THE PROBLEM
Where the line containing "紫色のデュランタの花 紫色のデュランタの花 80754244" appears, end the copy there, keeping that line; start from the first line of the entries, copy exactly, and omit pictures.

Image-text web data
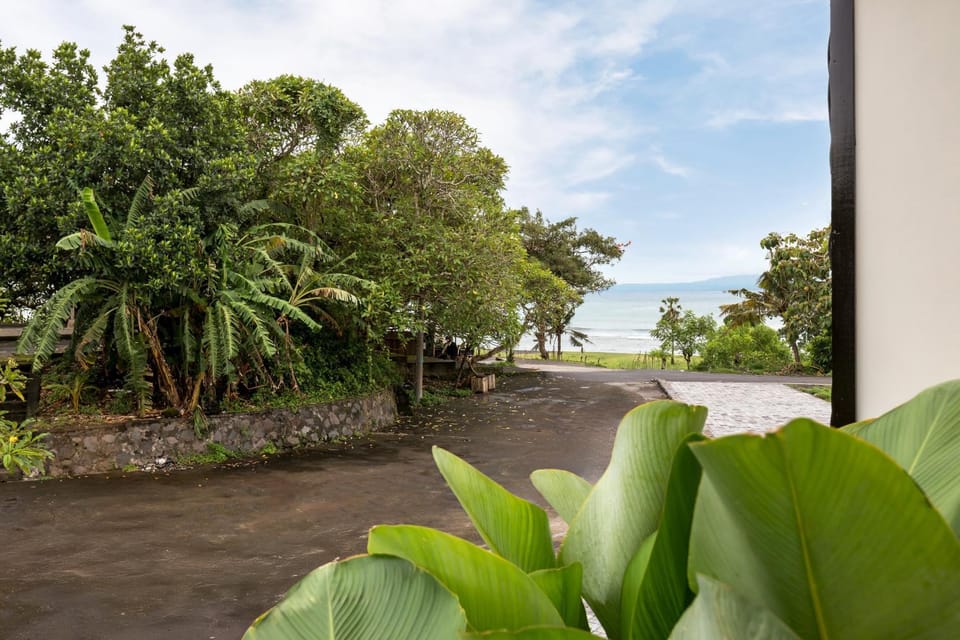 Day, Natural landscape, Garden, View (from property/room), Garden view, Sea view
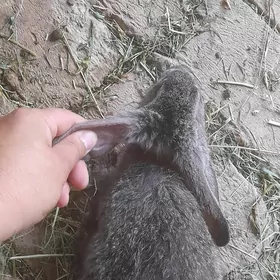 Towşan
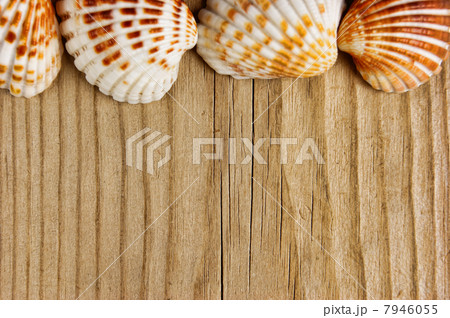 Sea shells on old wooden board 7946055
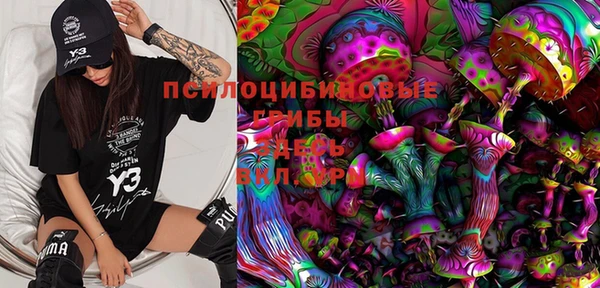 мяу мяу мука Магас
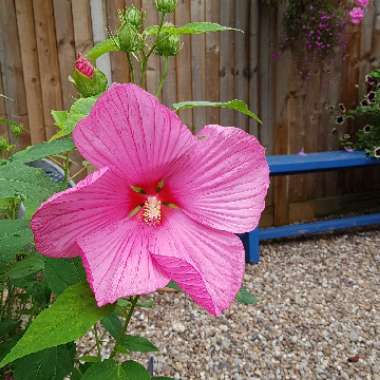 Jenny's garden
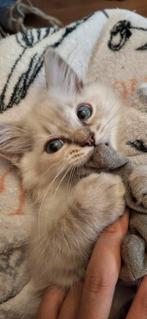 2 lieve ragdoll kittens zoeken een huisje, Dieren en Toebehoren, Kater, Gechipt, 0 tot 2 jaar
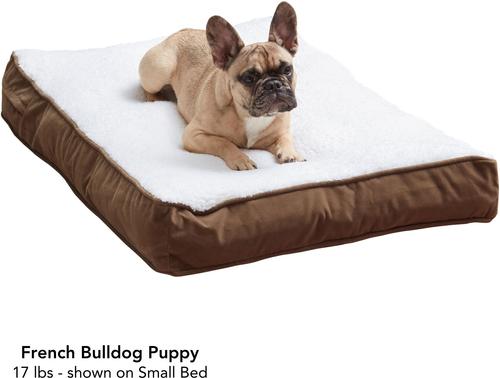 Show full view: Happy Hounds Dolly Deluxe Supportive Dog & Cat Bed, Latte, Small slide 2 of 8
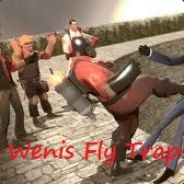 Wenis Fly Trap♪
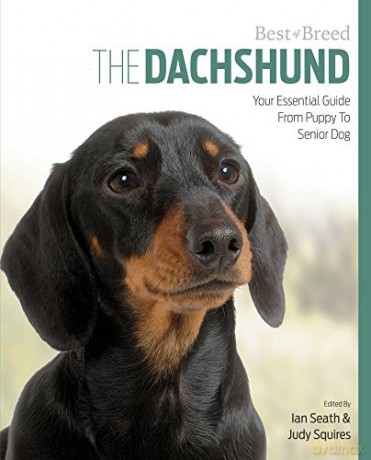 Dachshund Best of Breed: Your Essential Guide from Puppy to Senior Dog - Ian Seath [KSIĄŻKA]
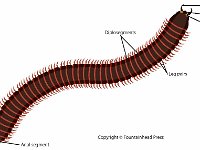 Anatomical Illustration of a Diplopoda  anal segment, diplosegments	, leg pairs, eye, antenna, mandible : anal segment, diplosegments, leg pairs, eye, antenna, mandible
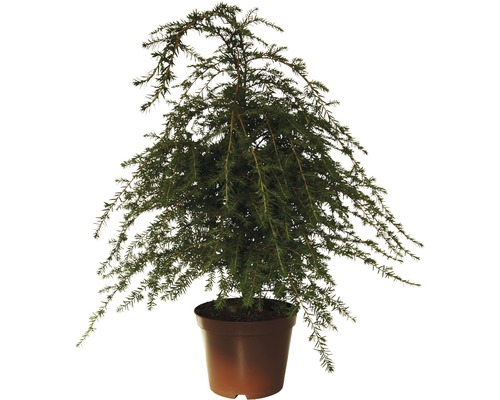 Canadese Hemlock FloraSelf Tsuga canadensis H 40-60 cm Co 5 L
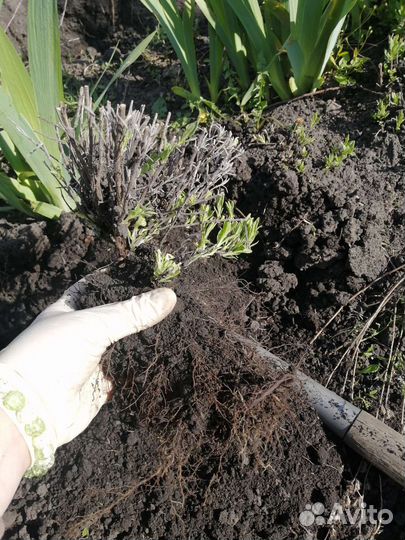 Лаванда 2х летка окс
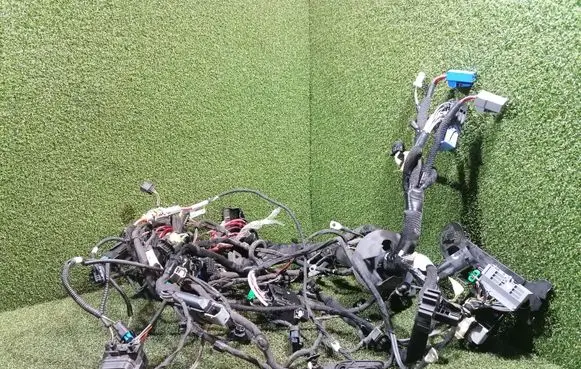 Renault Espace V (RFC) Other wiring loom 403889015R 115122493R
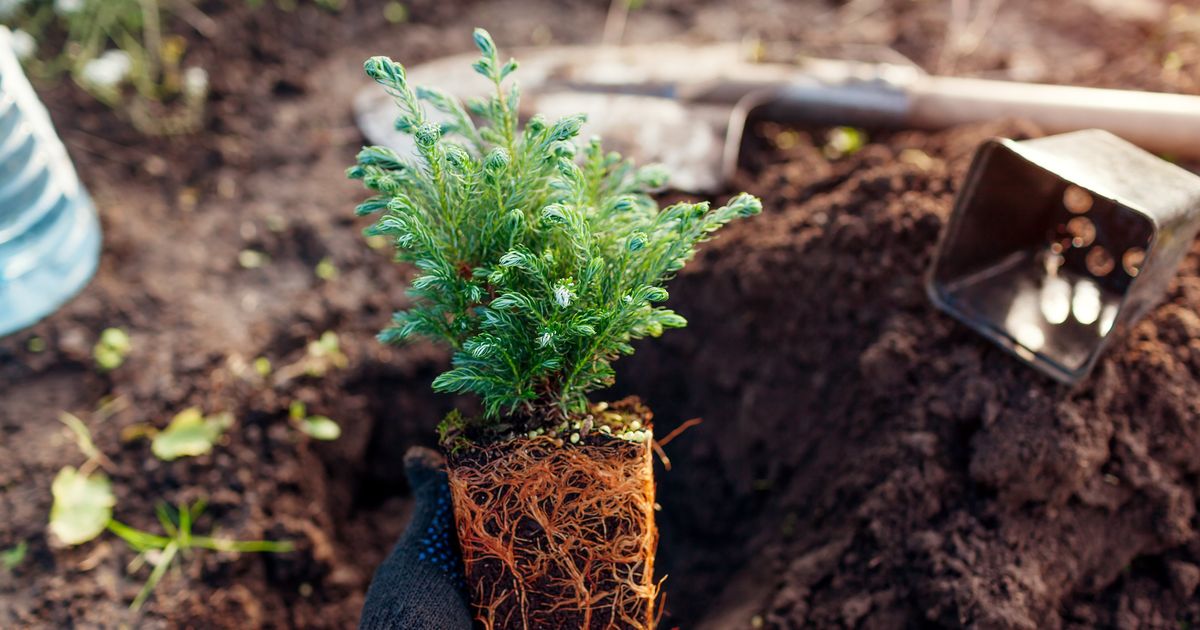 Remember the three-year rule when planting perennials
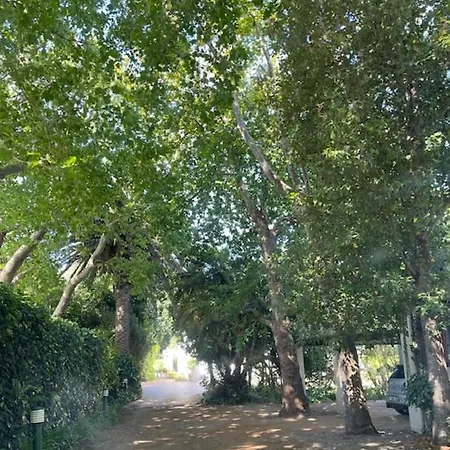 Airlie Well-2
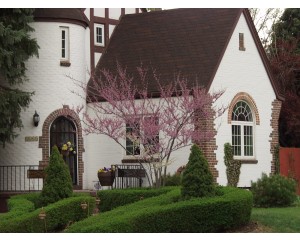 EASTERN REDBUD-Clump Form ©photo ArborTanics Inc.
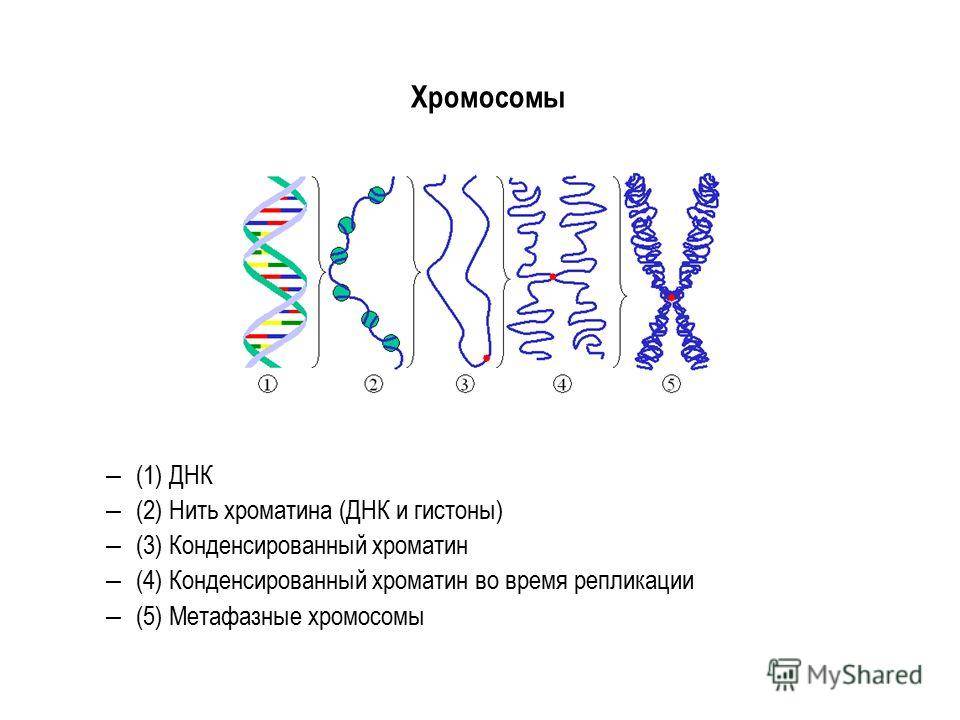 В чем разница между хромосомой и хроматином - skazhemvam.ru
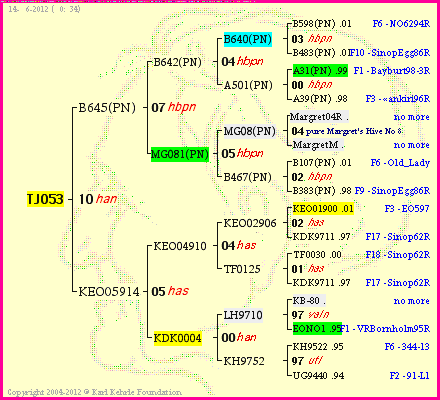 Pedigree of TJ053 :
four generations presented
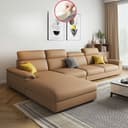 Color Light Brown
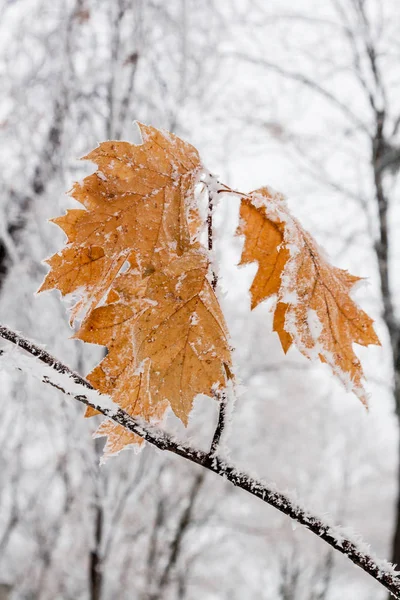 Winterblätter mit Schnee und Raureif bedeckt — Stockfoto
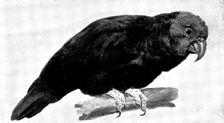 Ground Parrot - by H. Stacy Marks, R.A., 1895. Creator: George Meisenbach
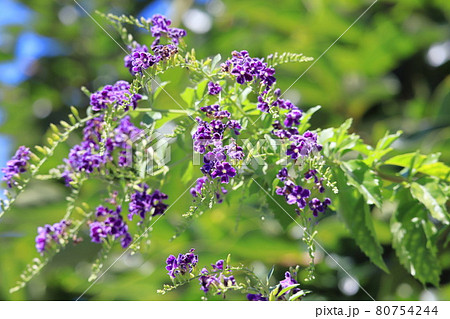 紫色のデュランタの花 紫色のデュランタの花 80754244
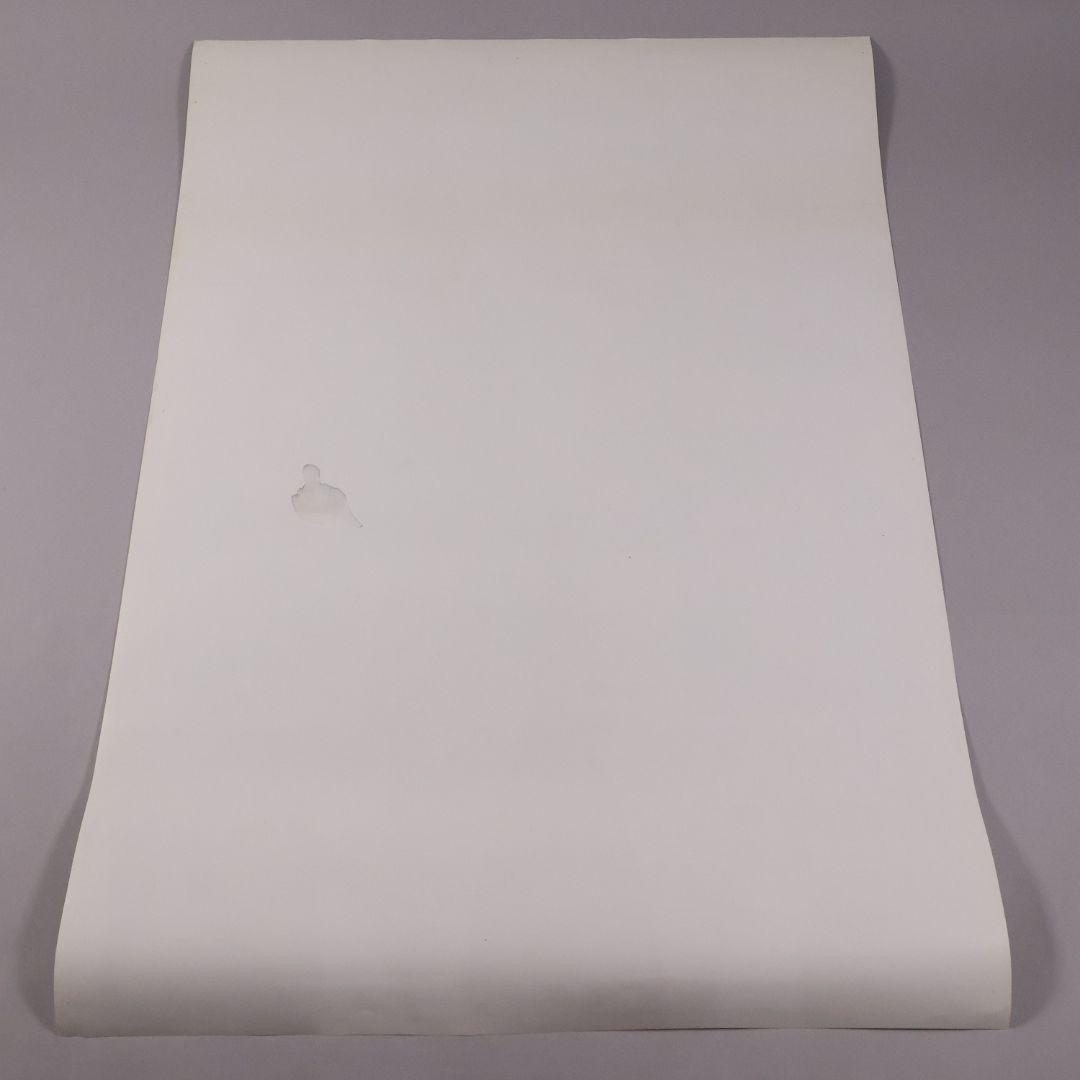 【CM100】B1判 映画ポスター「ブラック・レイン」マイケルダグラス 高倉健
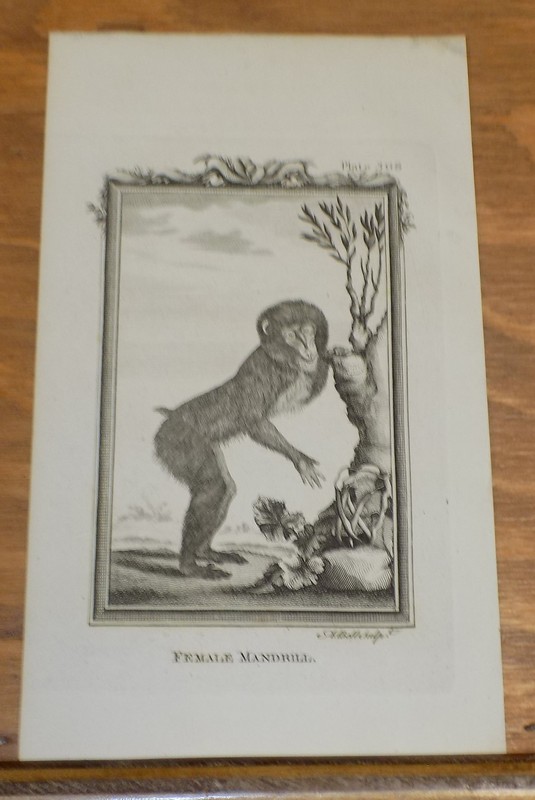 c1800 Antique Print of Types of Apes & Monkey’s///FEMALE MANDRILL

FINISHED EXERCISE
 Day, Natural landscape, Garden, View (from property/room), Garden view, Sea view
 Towşan
 Sea shells on old wooden board 7946055
 мяу мяу мука Магас
 Jenny's garden
 2 lieve ragdoll kittens zoeken een huisje, Dieren en Toebehoren, Kater, Gechipt, 0 tot 2 jaar
 Show full view: Happy Hounds Dolly Deluxe Supportive Dog & Cat Bed, Latte, Small slide 2 of 8
 Wenis Fly Trap♪
 Dachshund Best of Breed: Your Essential Guide from Puppy to Senior Dog - Ian Seath [KSIĄŻKA]
 Anatomical Illustration of a Diplopoda  anal segment, diplosegments	, leg pairs, eye, antenna, mandible : anal segment, diplosegments, leg pairs, eye, antenna, mandible
 Canadese Hemlock FloraSelf Tsuga canadensis H 40-60 cm Co 5 L
 Лаванда 2х летка окс
 Renault Espace V (RFC) Other wiring loom 403889015R 115122493R
 Remember the three-year rule when planting perennials
 Airlie Well-2
 EASTERN REDBUD-Clump Form ©photo ArborTanics Inc.
 В чем разница между хромосомой и хроматином - skazhemvam.ru
 Pedigree of TJ053 :
four generations presented
 Color Light Brown
 Winterblätter mit Schnee und Raureif bedeckt — Stockfoto
 Ground Parrot - by H. Stacy Marks, R.A., 1895. Creator: George Meisenbach
 紫色のデュランタの花 紫色のデュランタの花 80754244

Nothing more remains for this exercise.